DATASET CONTENT:
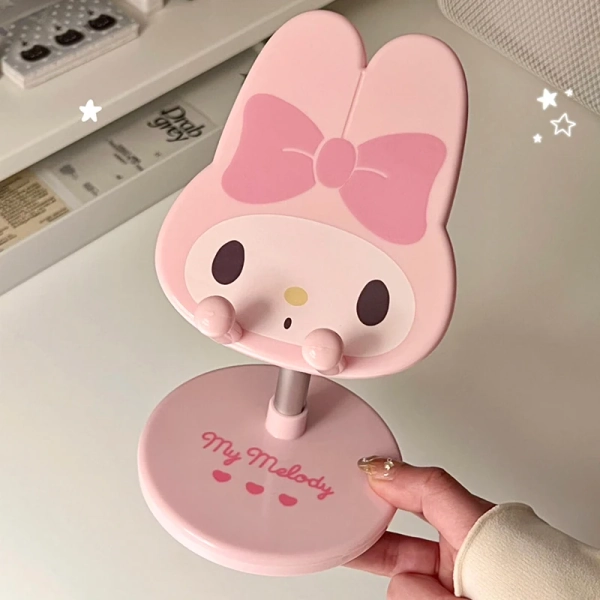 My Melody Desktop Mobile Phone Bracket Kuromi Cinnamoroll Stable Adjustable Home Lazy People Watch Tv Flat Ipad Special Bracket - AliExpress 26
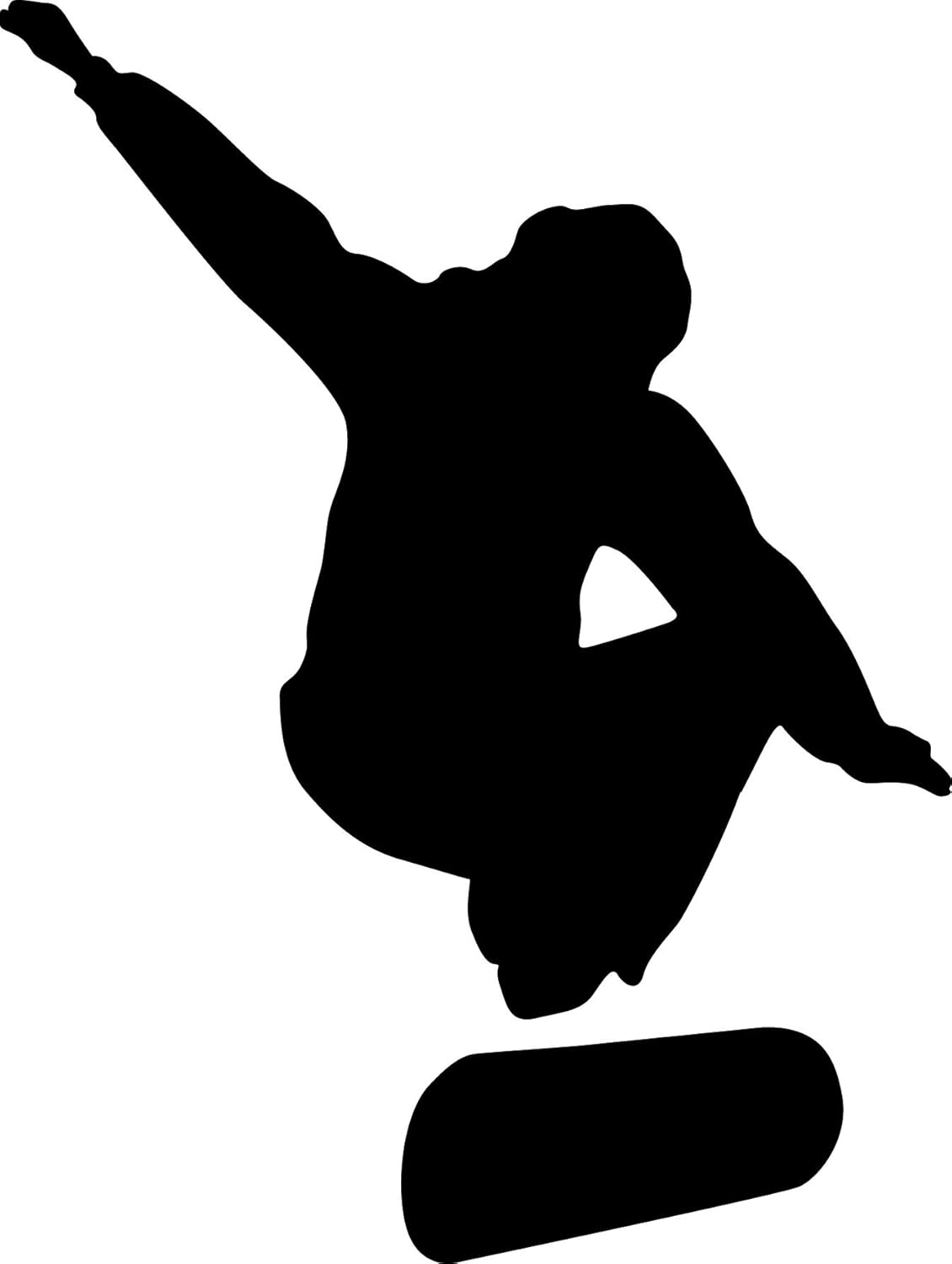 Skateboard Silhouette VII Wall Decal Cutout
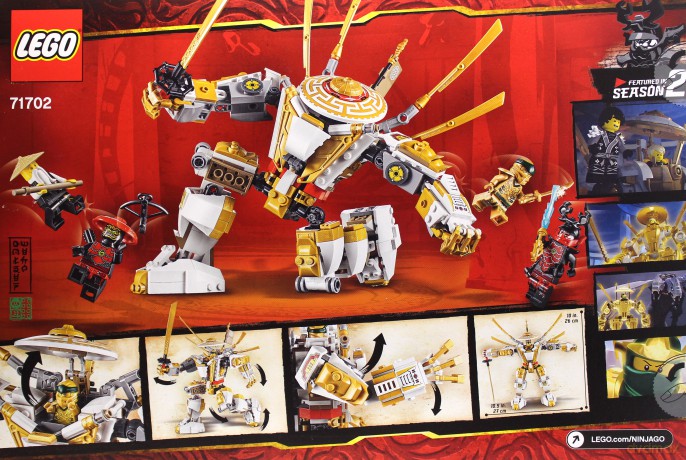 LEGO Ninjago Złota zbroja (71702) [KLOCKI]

REQUIRED ACTION: Once the pictures are set aside, give the rest of the listing again exactly.

PROBLEM SOLUTION:
 My Melody Desktop Mobile Phone Bracket Kuromi Cinnamoroll Stable Adjustable Home Lazy People Watch Tv Flat Ipad Special Bracket - AliExpress 26
 Skateboard Silhouette VII Wall Decal Cutout
 LEGO Ninjago Złota zbroja (71702) [KLOCKI]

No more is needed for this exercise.